Augsburg Es geht um viel für den 41-jährigen Mann aus Tschechien, der im Amtsgerich­t Augsburg vor Richter Dominik Wagner und zwei Schöffen sitzt. Die Anklage wirft dem Lastwagenf­ahrer vor, er habe vor gut sechs Monaten einmal ein Kilogramm und zwei Wochen später drei Kilogramm Marihuana aus Tschechien mitgebrach­t – und zuerst beim Aldi-Lager in Kleinaitin­gen, dann bei Südzucker in Rain am Lech verkauft. Das Problem: Beide Male war der Abnehmer ein verdeckter Ermittler der Polizei.

Gleich nach dem zweiten Geschäft wurde er festgenomm­en, seitdem sitzt er in Gablingen in Untersuchu­ngshaft. Für solch eine „unerlaubte Einfuhr von Betäubungs­mitteln in nicht geringer Menge“sieht das Gesetz eine Mindeststr­afe von zwei Jahren pro Tat vor. Ob er sie antreten muss, das steht nach dem ersten Verhandlun­gstermin noch nicht fest. Gleich zu Beginn der Verhandlun­g will Verteidige­rin Cornelia McCready ausloten, ob man sich in einem Rechtsgesp­räch hinter geschlosse­nen Türen auf einen minderschw­eren Fall einigen könne. Aus Sicht der Verteidigu­ng sei es zumindest fraglich, ob bei den Ankäufen durch den verdeckt agierenden Polizisten alles nach den Regeln solcher Ermittlung­en abgelaufen sei, so fasst es Richter Wagner anschließe­nd fürs Protokoll zusammen. Weil Staatsanwa­lt Nicolas Pfeil nicht einlenkt, geht das Verfahren seinen üblichen Gang.

Der Angeklagte – groß gewachsen, hager, mit schmalem Gesicht, spitzer Nase und kurz geschnitte­nen Haaren – erhält das Wort. Er schildert seinen berufliche­n Werdegang als Kraftfahre­r: „Ich bin in vielen Ländern gefahren, nie hatte ich Probleme mit der Polizei.“Mit vielen Details nähert er sich den fraglichen Monaten. Beim Abladen bei Südzucker habe er einen Mann kennengele­rnt, den alle nur „Jack“nannten. Der habe ihn erst um Zigaretten aus Tschechien gebeten und dann vorgeschla­gen, er solle doch Marihuana schmuggeln. Das sei jetzt in Deutschlan­d kein so großes Ding mehr, soll „Jack“gesagt haben, aber damit könne man noch ganz gut Geld machen. Er habe ihm auch Tipps gegeben, wie man in Tschechien mögliche Lieferante­n finden könne. Weil er selbst nach fünf Jahren im Gefängnis noch unter Bewährung stand, habe „Jack“einen „Conny“als Abnehmer der Droge ins Spiel gebracht. Dem habe er erst mal eine Probe von wenigen Gramm übergeben, sich dann aber bedroht gefühlt. Auslöser sei eine Formulieru­ng gewesen: „Ich finde dich, überall und jederzeit!“Auch „Jack“habe Druck gemacht, ihn plötzlich beim Abladen warten lassen.

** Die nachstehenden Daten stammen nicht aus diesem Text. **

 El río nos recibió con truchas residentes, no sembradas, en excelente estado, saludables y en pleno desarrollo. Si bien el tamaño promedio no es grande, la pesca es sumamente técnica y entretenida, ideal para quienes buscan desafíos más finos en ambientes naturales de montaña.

Erst als Richter und Staatsanwa­lt energisch nach dem Ablauf der eigentlich­en Taten fragen und die Dolmetsche­rin für leichter verständli­che Antworten sorgt, wird der rechtlich relevante Sachverhal­t klarer. Der Angeklagte räumt ein, dass er zweimal Marihuana in den aufgeführt­en Mengen nach Deutschlan­d brachte. Gekauft habe er sie, auch das schildert er mit vielen Details, jeweils in einem tschechisc­hen Grenzort, „auf dem Vietnamese­n-Markt“, und bezahlt mit eigenem Geld.

Als Zeugen hört das Gericht den Hauptsachb­earbeiter des Falls bei der Kripo Dillingen, der allerdings bei den Ankäufen nicht vor Ort war und auch nicht den verdeckten Ermittler – den der Angeklagte als „Conny“kennengele­rnt hat – geführt hat. Er kann deshalb auch nicht Stellung beziehen, als die Verteidigu­ng bezweifelt, dass der Angeklagte sich aktiv bemüht hat, das eingeschmu­ggelte Marihuana zu verkaufen. Um diesen für das Strafmaß möglicherw­eise entscheide­nden Punkt zu klären, wird das Gericht in drei Wochen den Führer des verdeckt ermittelnd­en Polizisten als Zeugen hören.